The brewery opened last summer to great fanfare and very early success. Shelter Island immediately embraced the brewery and on weekends when the population swelled with the influx of summer visitors, it almost always sold out.

“They were wiping me out. They were taking everything I had,” said Hull. “I guess in a business sense that’s a good thing, to sell out your entire stock, but then you have to replace it.”

Hull prefers to brew his beer in small batches, which gives him more creative control and allows him to take the time to train future brewmasters in the art of beer making. This fall, one of Hull’s apprentices was Mel Scarberry, a chef at the Chequit’s Red Maple restaurant.

“I’m just learning, that way I can help him when he needs it,” explained Scarberry. “I’ve pretty much studied every ethnicity of cuisine, and beer is one of my last frontiers.”

While all grains and some hops are imported from off-island, most of the other ingredients that the brewery depends on are local, like honey and hops. Many of the more exotic ingredients come from Hull’s own garden, including flowers such as hibiscus and rose rugosa, as well as herbs like sage, rosemary and thyme. More potent ingredients like beach plums and lemon verbena are cooked down into syrups and teas to last throughout the winter.

“It is like cooking,” Hull said. “It is like being a chef, but harder. It’s a lot more complex because you’re dealing with pH balances and hops and yeast influences.

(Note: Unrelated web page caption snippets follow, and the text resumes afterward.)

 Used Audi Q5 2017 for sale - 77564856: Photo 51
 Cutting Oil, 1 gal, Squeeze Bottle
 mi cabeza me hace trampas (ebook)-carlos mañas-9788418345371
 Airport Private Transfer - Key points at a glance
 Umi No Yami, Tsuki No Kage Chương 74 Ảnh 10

You have to have the experience beforehand to know what it’s going to produce. You’re mixing the orange and the fennel because you know that’s going to work well with scallops.”

Smelling the beer is just as important as tasting it, when it comes to beer making. (Credit: Monique Singh-Roy)

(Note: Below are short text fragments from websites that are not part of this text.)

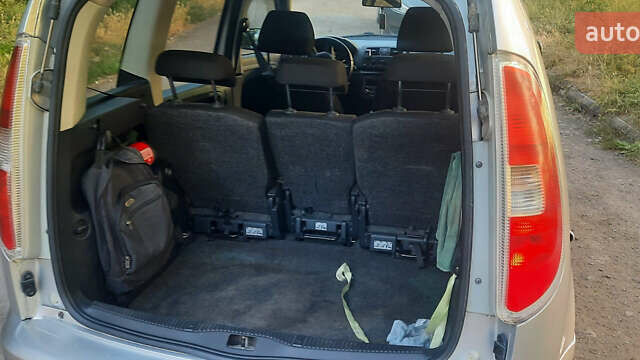 Сірий Шкода Румстер, об'ємом двигуна 1.6 л та пробігом 295 тис. км за 5400 $, фото 13 на Automoto.ua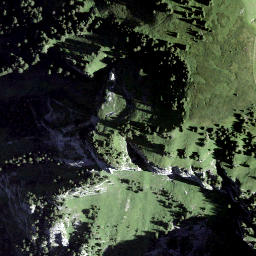 Satellite imagery of Schwarz Stock, CH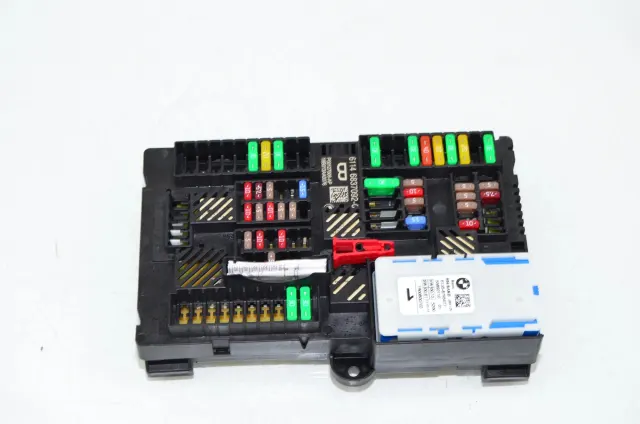 Fuse Box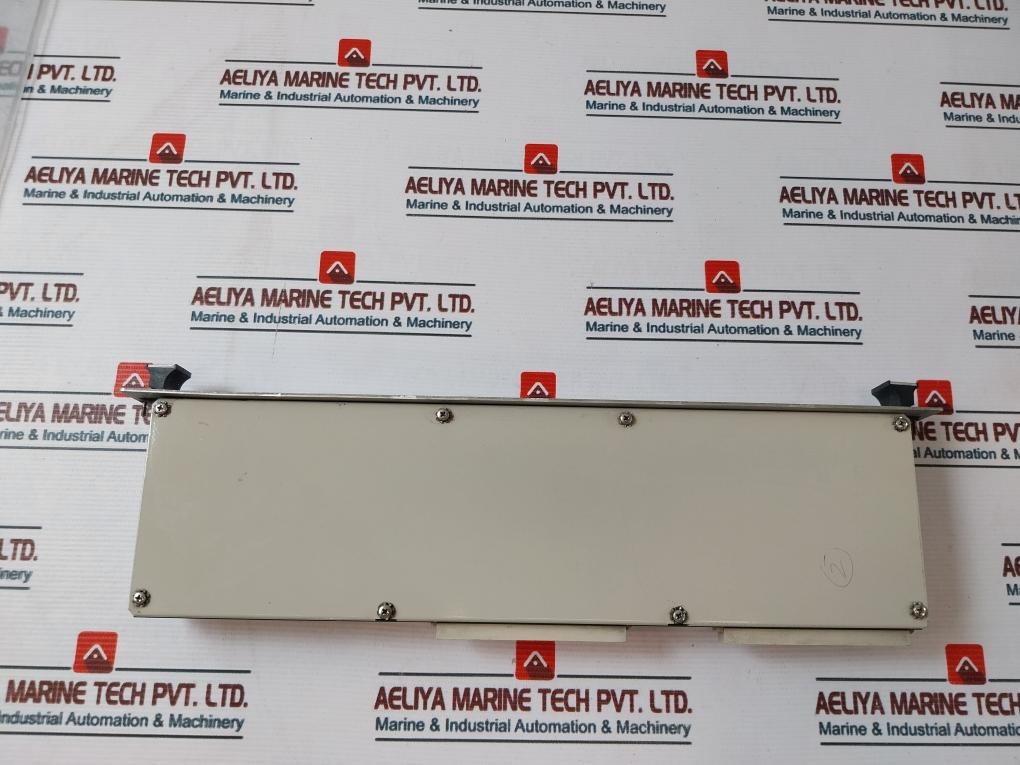 Abb 086444-003, 086370-001, 086388-001, 086406-002, 086407-501 Plc Module Rack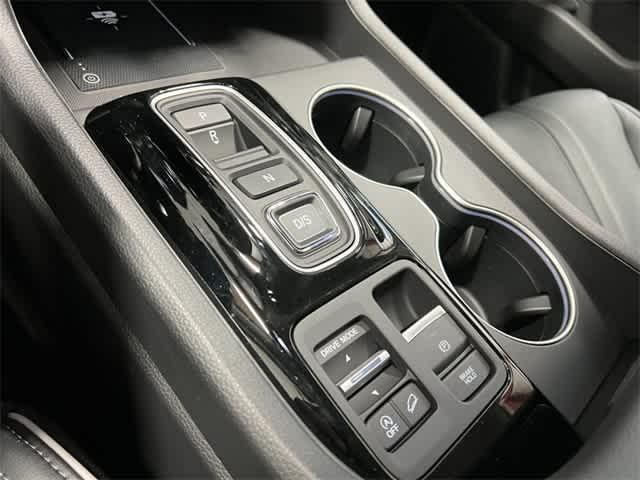 new 2025 Honda Pilot car, priced at $54,985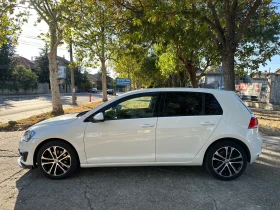 VW Golf 1.2 BENZIN TFS R-LINE - 14500 лв. - 58129836 8
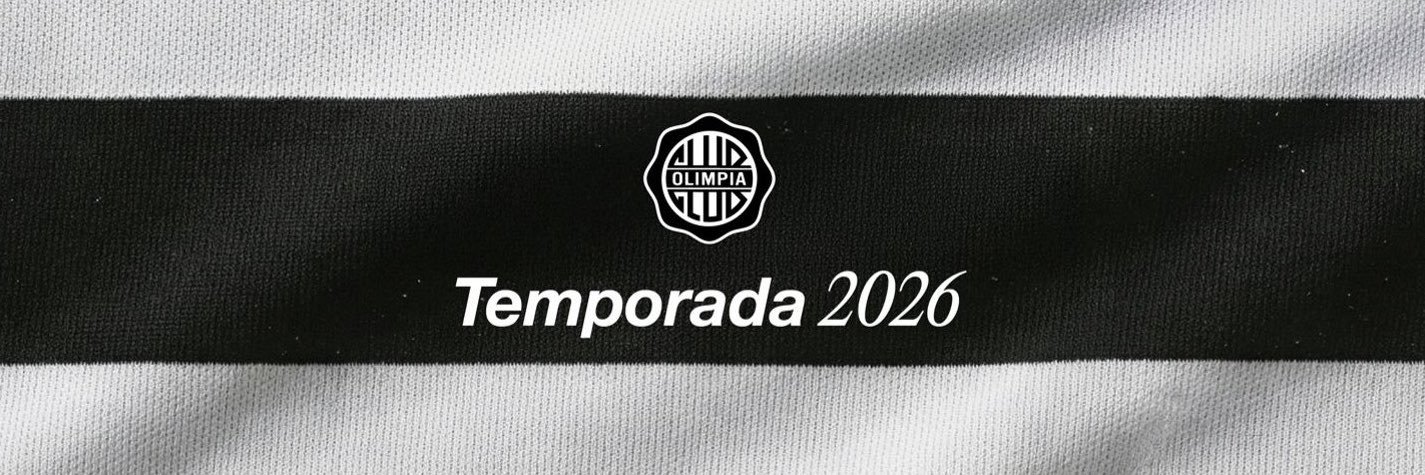 Club Olimpia's banner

Smelling the beer is just as important as tasting it, when it comes to beer making. (Credit: Monique Singh-Roy)

Uh, did he say scallops?

He did.

Last November, in fact, Hull created a scallop beer to honor the East End season. Peconic Bay scallops were pan-seared the same day they were caught, then dropped into a ready-made brew that already contained ingredients like orange and fennel. The scallops brewed for just 12 hours before being removed; then the beer was kegged.

“What the scallop will leave behind is mostly caramel,” Hull said. “The caramelization will leave the [essence] of the fresh scallop. These scallops that we get here are beautiful; they taste like they have sugar in them.”

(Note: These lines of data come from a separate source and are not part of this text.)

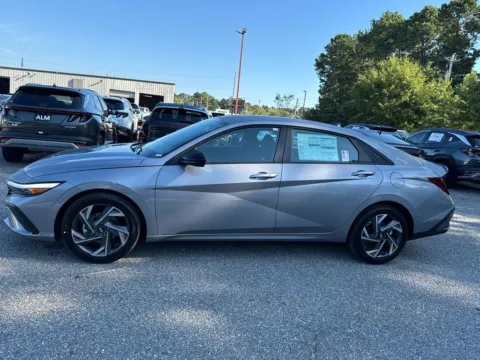 Photos of 2025 Hyundai Elantra SEL Sport for sale in Athens, GA at ALM Hyundai Athens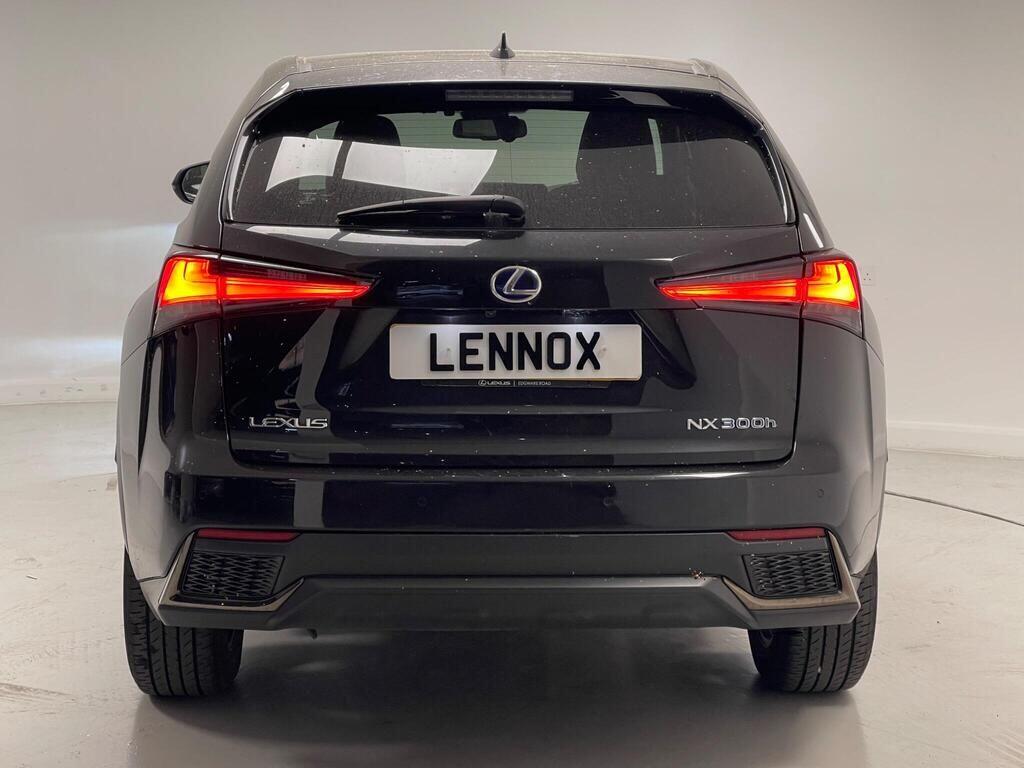 Used Lexus NX 2021 for sale - 76850044: Photo 4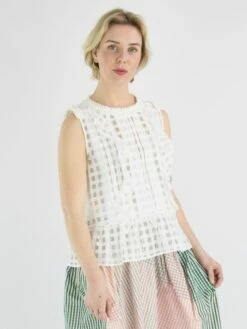 High MEANWHILE 753277 Tops 100 -Vêtements Soldes high top meanwhile 753277 13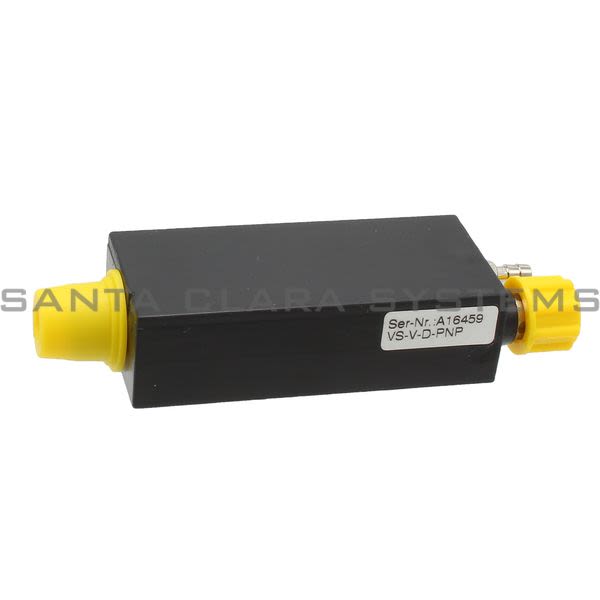 Schmalz VS-V-D-PNP Vacuum Switch Product Image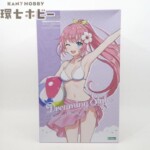 未組立 コトブキヤ 創彩少女庭園 1/10 佐伯リツカ [水着] ドリーミングスタイル イノセントブルーム プラモデル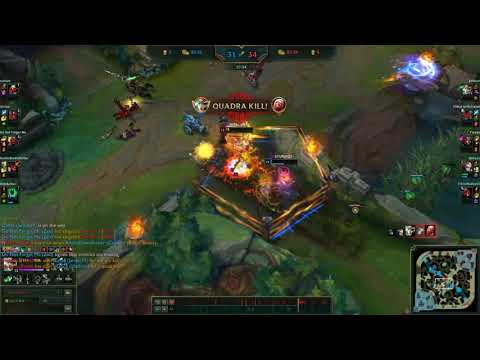 Essence Reaver on Riven is back!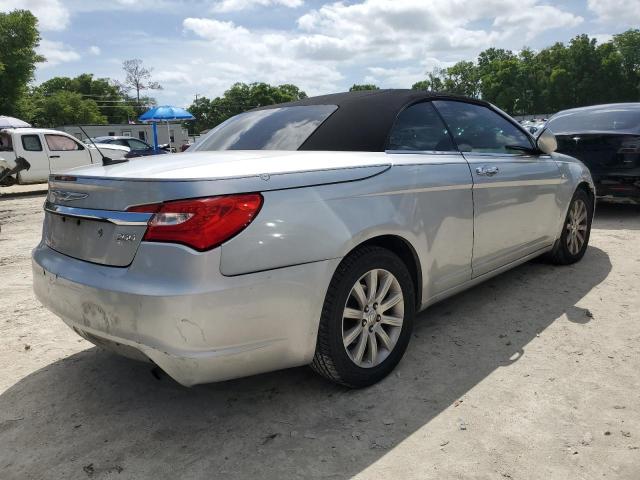 Photo 3 from auction – 2012 CHRYSLER 200 TOURIN with VIN 1C3BCBEB0CN215489
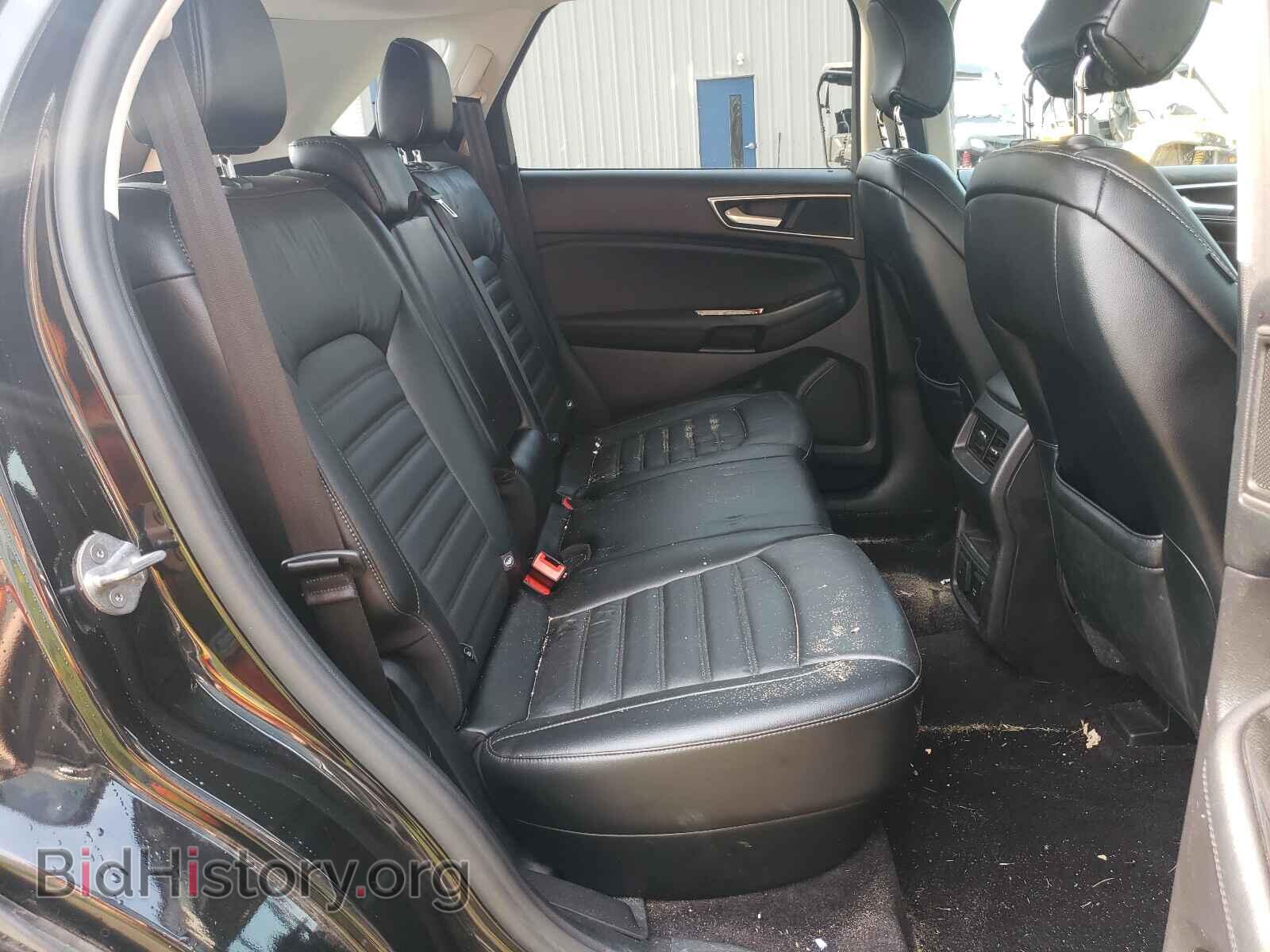 2015 FORD EDGE - VIN: 2FMTK4J84FBB66043 - Photo 6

The scallop beer, tastes surprisingly sweet, not bitter or hoppy. A slight briny undercurrent also comes to mind, with elements of orange and herbs. A limited edition brew, Hull’s Scallop Beer was released on a Thursday and gone by Sunday.

Some of the brewery’s early summer favorites have become mainstays, including a light, citrusy beer called Liquid Sunshine, and Dune Cottage, a Belgian-style saison. A saison, which is French for “season,” is a pale ale. Historically farmers brewed their own saisons during winter months to save for the summer. Local ingredients made each one distinctive. Today the beer is brewed year round.

Hull is now working on winter brews like Forbidden Fruit, an apple-based beer made with Fuji apples grown on the island.

“The apple beer is a real beer, based with a Munich and pilsner malt,” he said. “I balance it right from the get-go and use coriander, lemon peel and apples from the lawns of Shelter Island.”

Other brews in the works include a nut porter beer made with crushed chestnuts called Castania, which means “chestnut” in Italian. Montezuma is a Mexican molé-inspired beer, made with real Mexican peppers and cocoa nibs.

A fall beer still being served is French Kiss, an imperial milk stout, inspired by the dessert crème brulée and made with toasted sugar and vanilla extract. To an untrained nose, it smells more like a cold-brewed tea.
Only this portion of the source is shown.